Yazar, tiyatro ve edebiyat dünyasının duayenlerinden Turgut Özakman 83 yaşındaydı. ''Genellikle insanlar doğum günlerini takip eden günler içinde ölürler'' cümlesini bir yerde okumuştum. Özakman'da 1 Eylül doğumluydu.
İlk oyununu 16 yaşında yazdı. ''Pembe Evin Kaderi'' adlı oyunu sahne aldığında 21 yaşındaydı. Hukuk okudu, avukatlık yaptı ama yazının çekiciliğine karşı koyamayarak; Köln Üniversitesinde tiyatro eğitimi aldı. TRT kurumu Merkez Daire Başkanlığı yaptı. ''Radyo Notları'' adlı kitabı ve radyo oyunları yazdı. Ankara Üniversitesi Dil ve Tarih-Coğrafya fakültesi, Tiyatro Kürsüsü'nde ' Dramatik Yazarlık'' dersi verdi.
Turgut Özakman akılcı, kıvrak zekasıyla kalemi çok güçlü bir oyun yazarıydı. İletişim dünyasına ve tiyatro eğitimine büyük katkıları olan Özakman'ın şu sıra İstanbul şehir Tiyatrolarında ''Ocak'' adlı oyunu sergileniyor.
Yazma tutkusu o kadar derinden ve doğaçlama geliyordu ki, akıcı uslubuyla 1965 itibariyle roman yazmaya başladı. ''Korkma İnsancık Korkma, Romantika'' romanlarıyla Türk Edebiyatı içinde ki yerini alan Özakman, '' Şu Çılgın Türkler'' romanıyla Edebiyat dünyasını salladı. Ardından ''Diriliş, Çanakkale 1915'' ve ''Cumhuriyet'' üçlemesi geldi.
Turgut Özakman, Türkiye Cumhuriyeti'nin geçmiş dönemlerini, anlatıp, tanıtarak yeni nesillere aktarmış oldu. 1948 yılı itibariyle, titiz bir çalışmayla belgeler, kitaplar ve anılar biriktiren yazar; gerçek bilgilere dayanan olaylarla Türk Milleti'nin geçmişine ışık tutarak, hafızalarımızı parlattı.
Hasta olduğu süre içinde bile günde 8-12 saat çalışan Özakman, Şu Çılgın türkler kitabının ardından, Türkiye'nin her yanına giderek okurlarıyla buluştu.
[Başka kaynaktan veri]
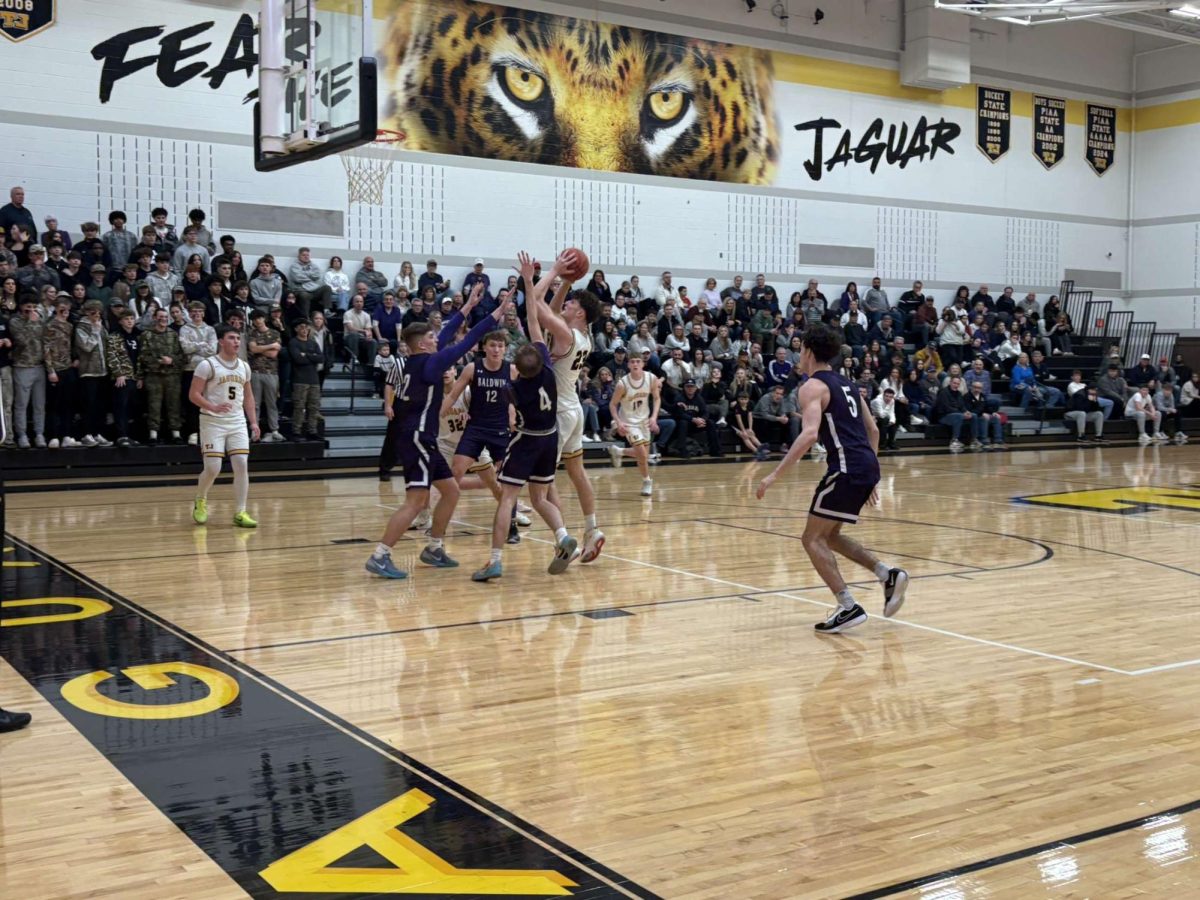 Multiple Baldwin defenders block a TJ shooter during his shot.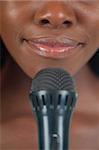 Close up of female lips with microphone
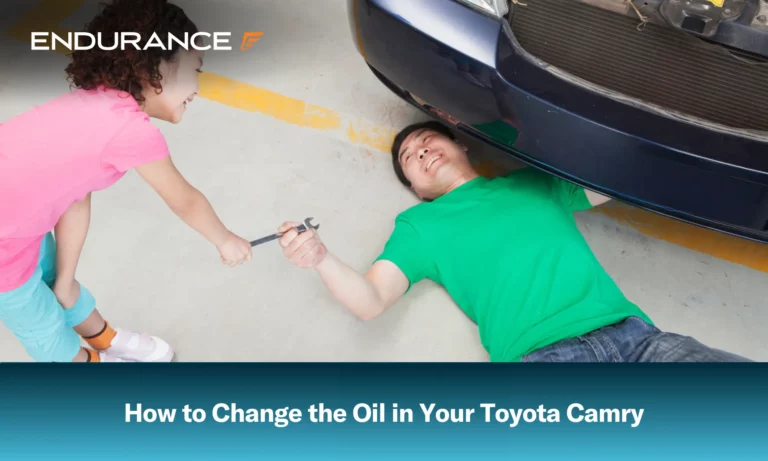 Girl handing her father a wrench as he changes the oil in his car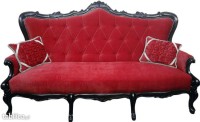 Czerwona sofa rustykalna na drewnianych nóżkach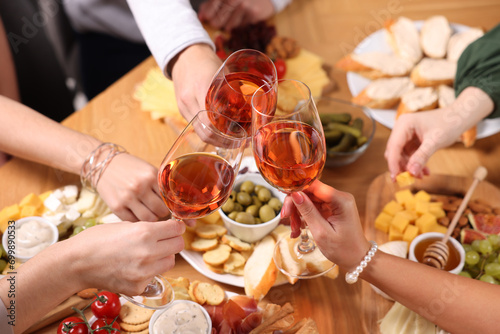 Konstfotografi People clinking glasses with rose wine at wooden table, above view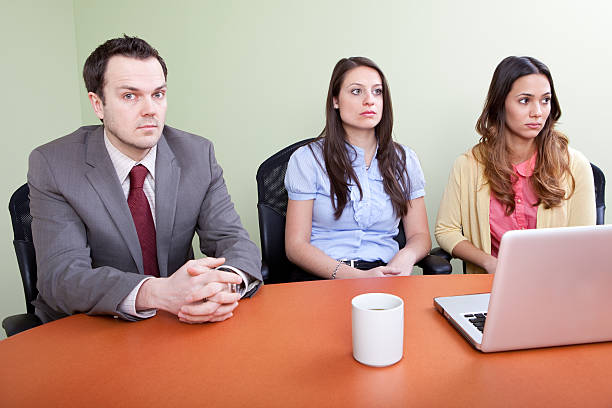 Office workers seems sad during an office meeting stock photo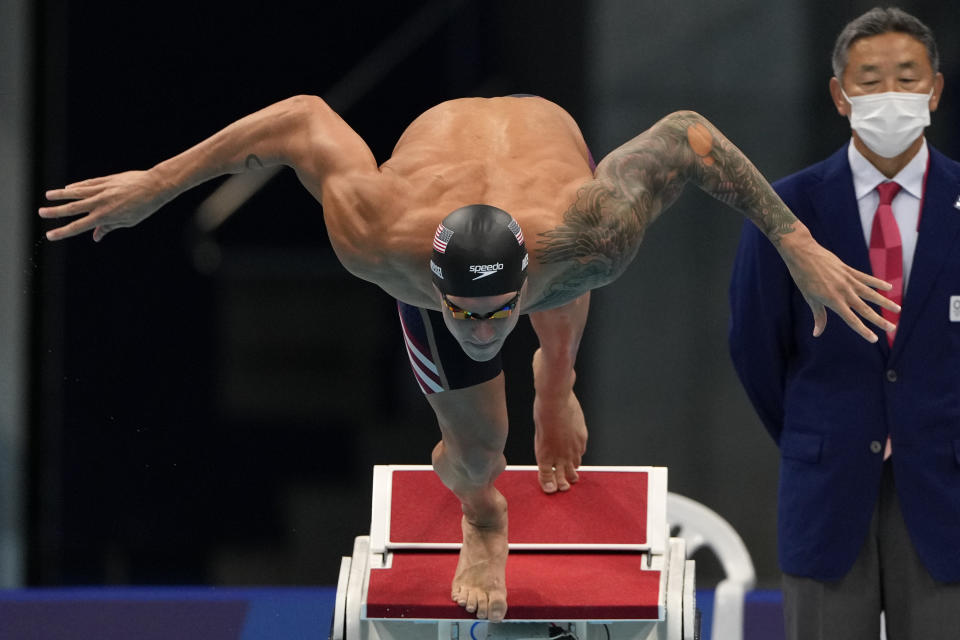 Caeleb Dressel, of the United States, starts the men's 100-meter butterfly final at the 2020 Summer Olympics, Saturday, July 31, 2021, in Tokyo, Japan. (AP Photo/Gregory Bull)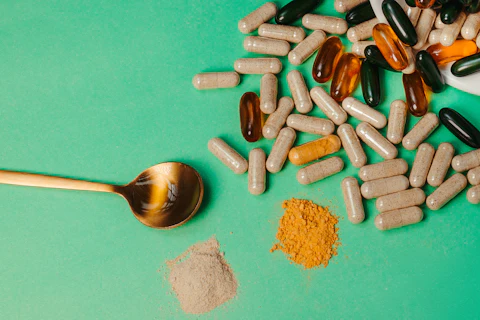 Dietary supplements pills and tablets with a spoon and powder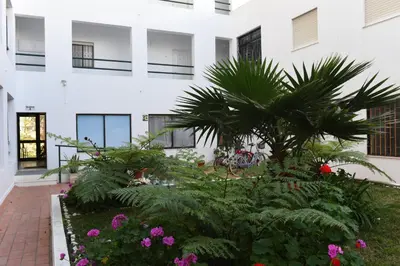 a white building with windows and plants in front of it at Cartaia Apartamento Leste in Quarteira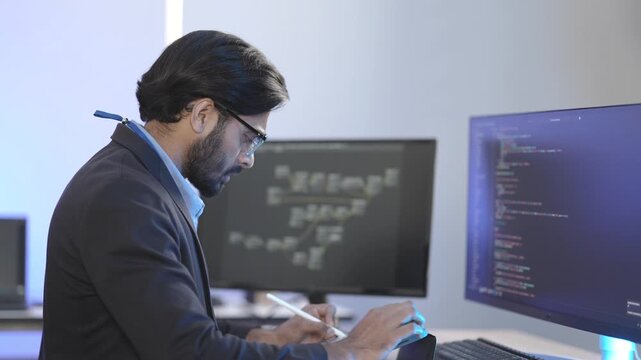 Focused Indian male AI developer coding a complex machine learning algorithm late at night. A dedicated data scientist working on a neural network at a multi-moni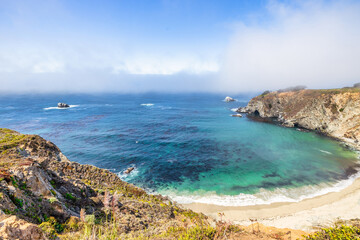 Beautiful landscape of Pacific Ocean coast along Highway 1 and Big Sur, aerial view, sunset, sunrise, fog. Concept, travel, vacation, weekend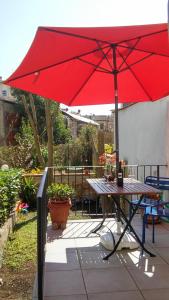 una sombrilla roja sobre una mesa de picnic en un patio en Garden in Florence, en Florencia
Rahatsız olduğu dönemlerde fuarlarda cam kulube içinde kitaplarını imzaladı. Gördüğü ilgi ve sevgiyle milyonlarca okurunun kalbinde taht kurduğunun bilincindeydi. O ölmeden ardını görebilen nadir kullardan biriydi.
2013 Eylül ayı da geleneği bozmadı. Değerlerimizi, sevdiklerimizi aramızdan alıp, ebediyete göndermeye devam ediyor. Doğduğumuz andan itibaren büyüdüğümüze sevinirken, ölüme adım adım yaklaştığımızı, nasıl da unutuyoruz.
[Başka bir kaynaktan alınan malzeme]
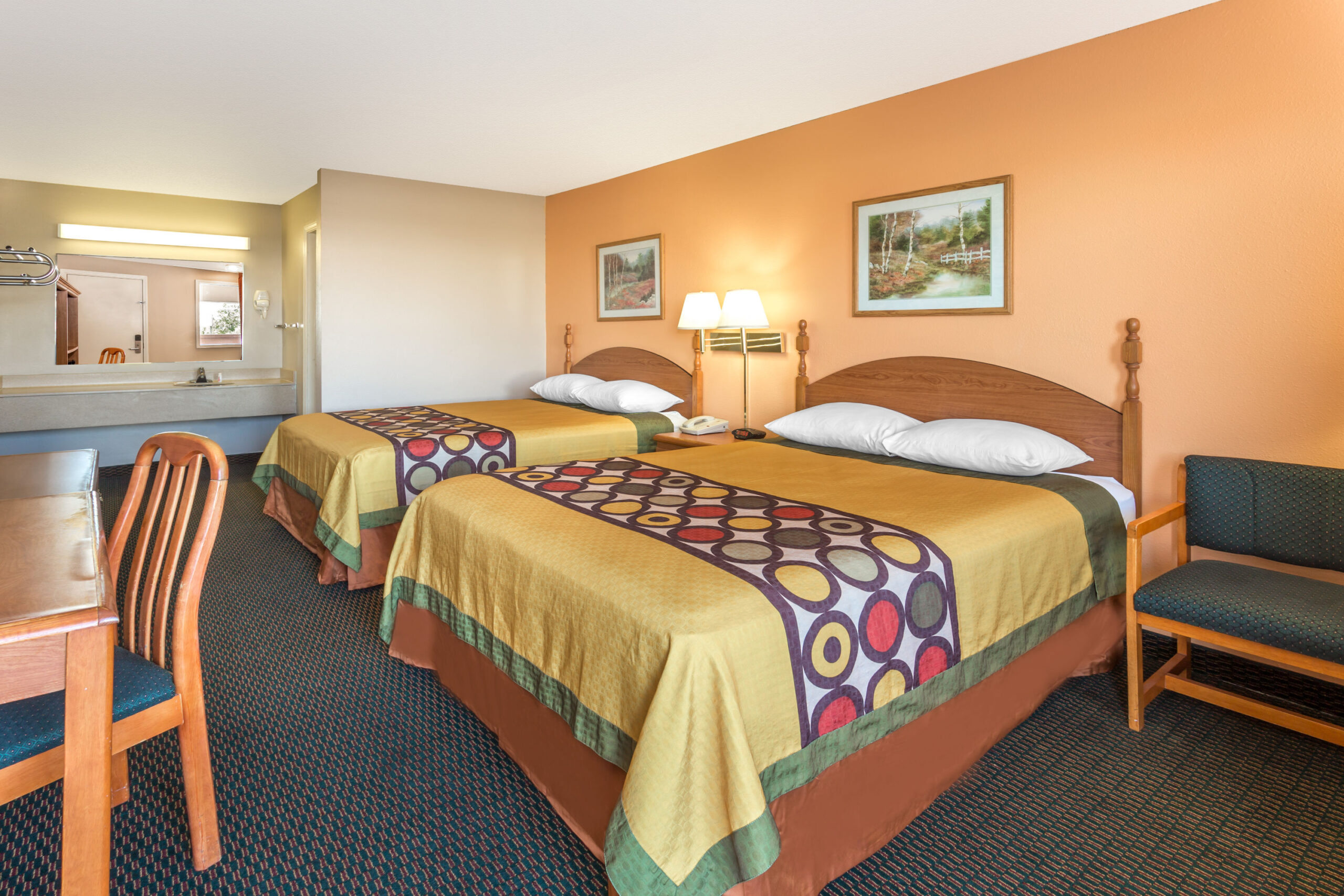 Hotel room with two double beds.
Sevdiğim bir yazarın, etkilendiğim, bende iz bırakan, ''Ardında İz Bırakmak'' isimli bir yazısı vardır. Kestim, saklıyorum.
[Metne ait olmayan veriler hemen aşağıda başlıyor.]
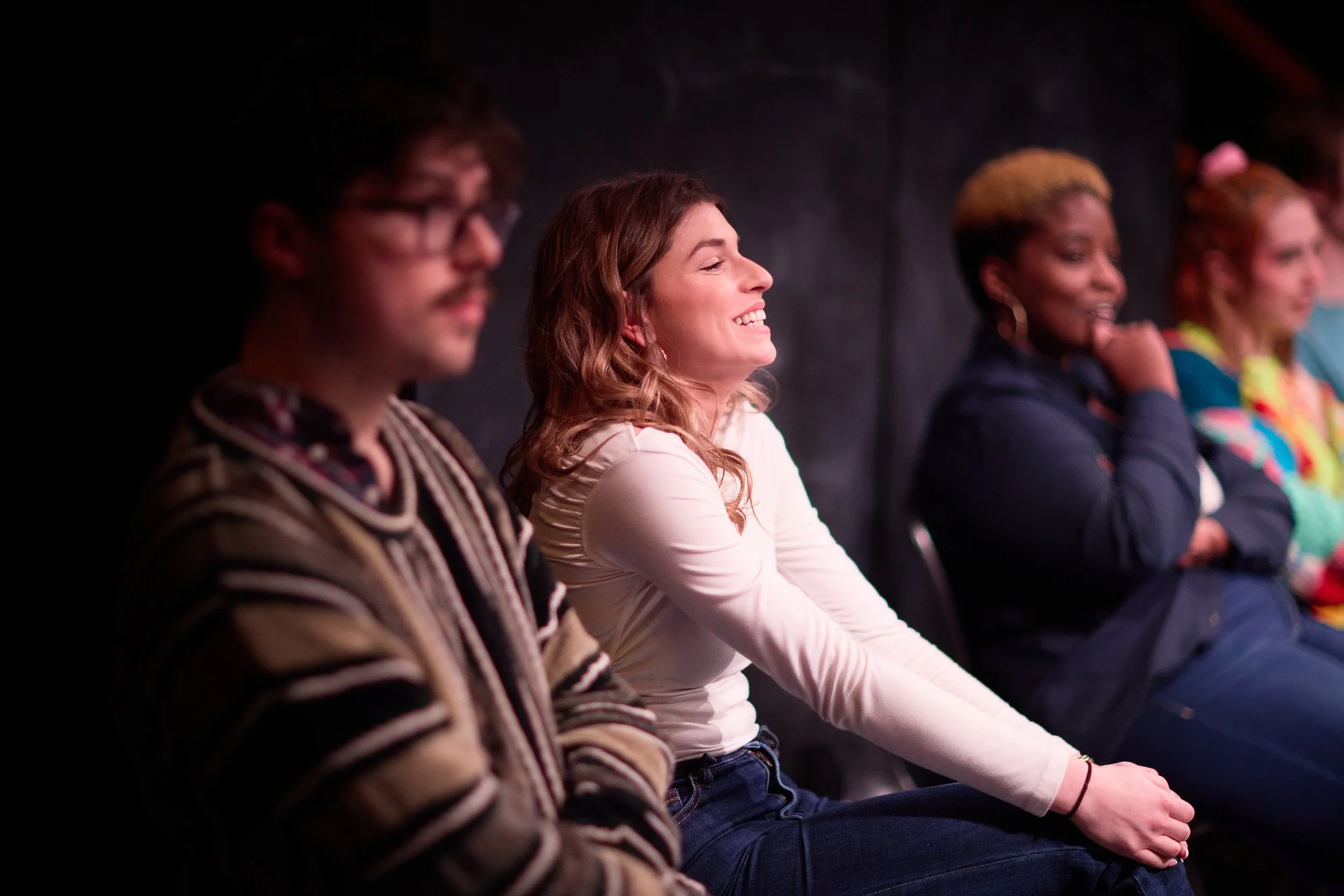 Groupe de personnes assises sur une scène, riant et souriant, lors d'une performance ou d'un spectacle.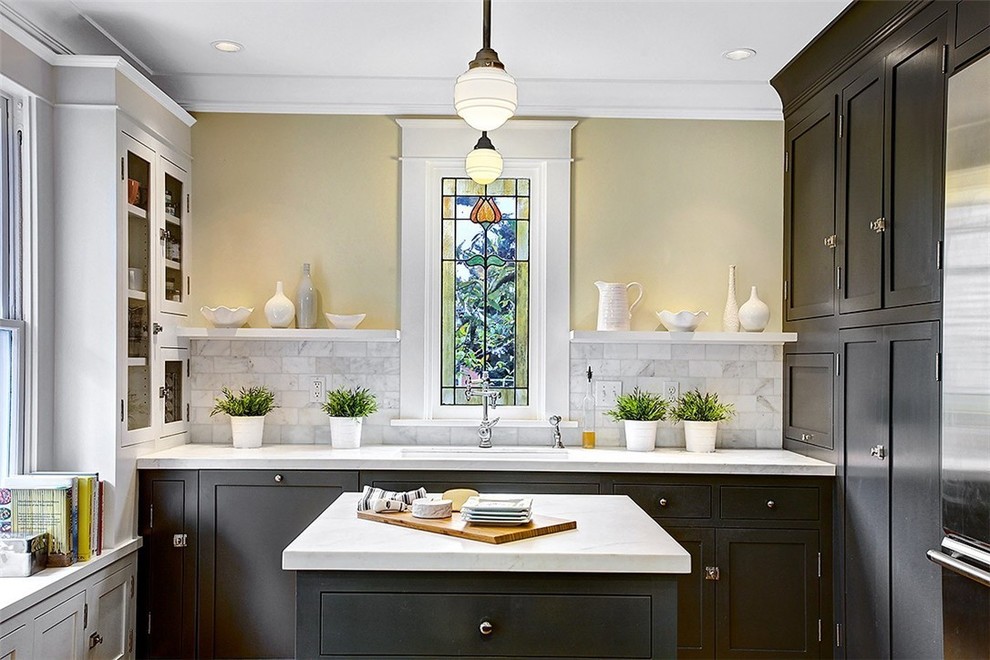 Inspiration för mellanstora amerikanska vitt kök, med en undermonterad diskho, skåp i shakerstil, svarta skåp, marmorbänkskiva, grått stänkskydd, stänkskydd i marmor, rostfria vitvaror, ljust trägolv, en köksö och beiget golv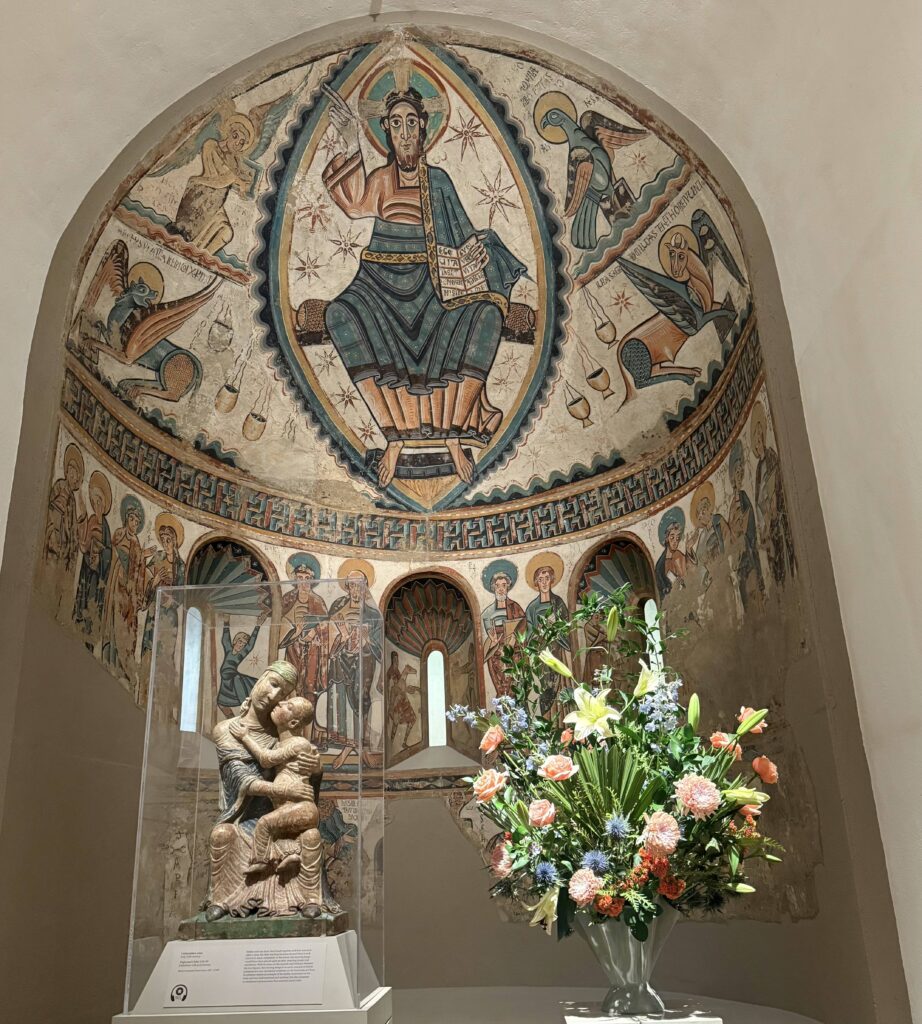 Armenian ceiling fresco in tan blue and pink and statue under class and a floral arrangement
İşte bütün olay bu! Ardında güzel bir iz bırakarak yokluğa karışmak...
''Çanakkale'' romanını yazarken, 8 ay gerçekten eve kapananTurgut Özakman, bunun en güzel kanıtıdır.
Çılgın Türk Özakman sonsuza dek hatırlanacaksın, mekanın cennet olsun.